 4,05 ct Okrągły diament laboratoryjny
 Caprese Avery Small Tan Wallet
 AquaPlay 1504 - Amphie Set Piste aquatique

(About this task)
From the first line to the last, print the listing above exactly.

(Problem solution)
 4,05 ct Okrągły diament laboratoryjny
 Caprese Avery Small Tan Wallet
 AquaPlay 1504 - Amphie Set Piste aquatique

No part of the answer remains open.